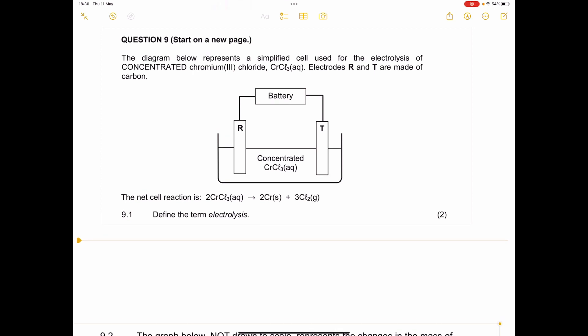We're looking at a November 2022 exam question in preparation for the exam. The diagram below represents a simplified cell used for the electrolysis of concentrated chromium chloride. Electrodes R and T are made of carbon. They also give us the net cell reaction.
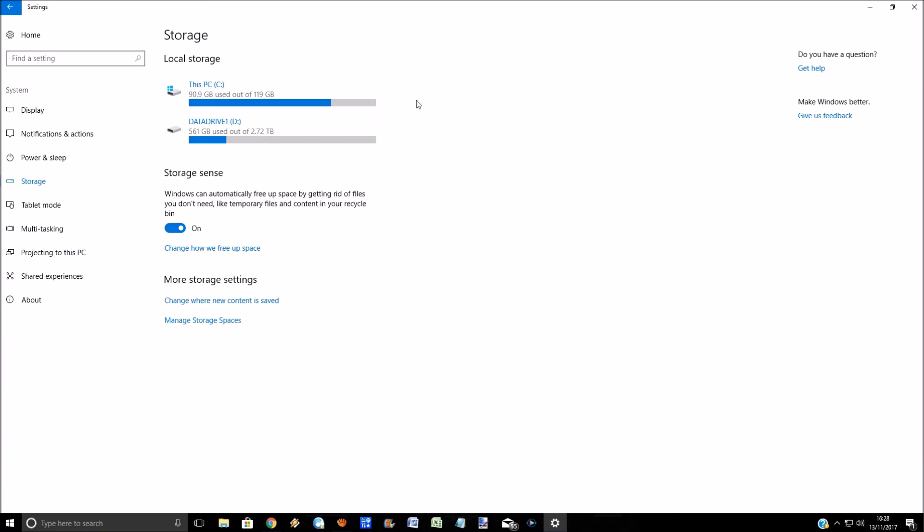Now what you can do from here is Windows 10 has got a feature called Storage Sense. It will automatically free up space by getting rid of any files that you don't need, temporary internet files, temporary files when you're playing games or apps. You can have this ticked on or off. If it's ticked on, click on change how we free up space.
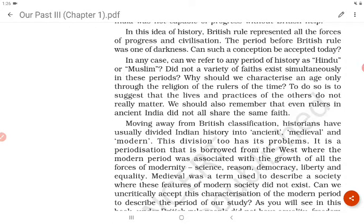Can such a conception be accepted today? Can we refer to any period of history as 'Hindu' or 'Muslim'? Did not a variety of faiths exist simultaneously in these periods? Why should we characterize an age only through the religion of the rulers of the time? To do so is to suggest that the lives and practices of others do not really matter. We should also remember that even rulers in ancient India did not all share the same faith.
——
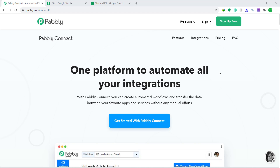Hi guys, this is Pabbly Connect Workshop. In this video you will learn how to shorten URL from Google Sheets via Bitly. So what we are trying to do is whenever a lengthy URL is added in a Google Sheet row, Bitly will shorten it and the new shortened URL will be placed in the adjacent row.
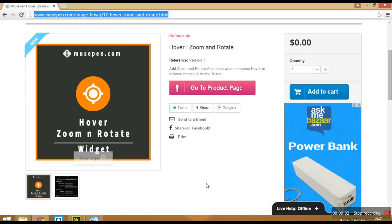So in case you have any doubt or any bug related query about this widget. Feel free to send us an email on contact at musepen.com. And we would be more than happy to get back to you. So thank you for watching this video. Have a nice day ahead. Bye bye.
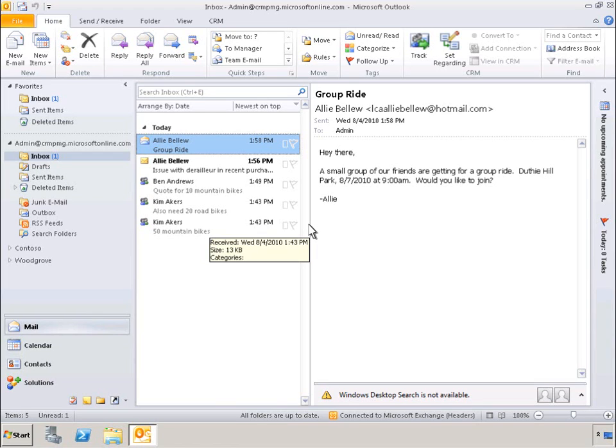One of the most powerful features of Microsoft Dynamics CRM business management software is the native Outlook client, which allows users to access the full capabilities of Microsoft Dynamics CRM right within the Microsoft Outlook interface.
——
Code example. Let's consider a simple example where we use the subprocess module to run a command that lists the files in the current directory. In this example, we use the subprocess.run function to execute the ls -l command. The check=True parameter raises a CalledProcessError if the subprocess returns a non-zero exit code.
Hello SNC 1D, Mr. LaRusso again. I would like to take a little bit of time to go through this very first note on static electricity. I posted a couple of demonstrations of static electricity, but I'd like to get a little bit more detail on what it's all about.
——
Directions = Look above for the line containing "Hi guys, this", then copy exactly from it through the line containing "One of the most", keeping both and leaving out pictures. Add nothing else.

Exercise answer =
Hi guys, this is Pabbly Connect Workshop. In this video you will learn how to shorten URL from Google Sheets via Bitly. So what we are trying to do is whenever a lengthy URL is added in a Google Sheet row, Bitly will shorten it and the new shortened URL will be placed in the adjacent row.
So in case you have any doubt or any bug related query about this widget. Feel free to send us an email on contact at musepen.com. And we would be more than happy to get back to you. So thank you for watching this video. Have a nice day ahead. Bye bye.
One of the most powerful features of Microsoft Dynamics CRM business management software is the native Outlook client, which allows users to access the full capabilities of Microsoft Dynamics CRM right within the Microsoft Outlook interface.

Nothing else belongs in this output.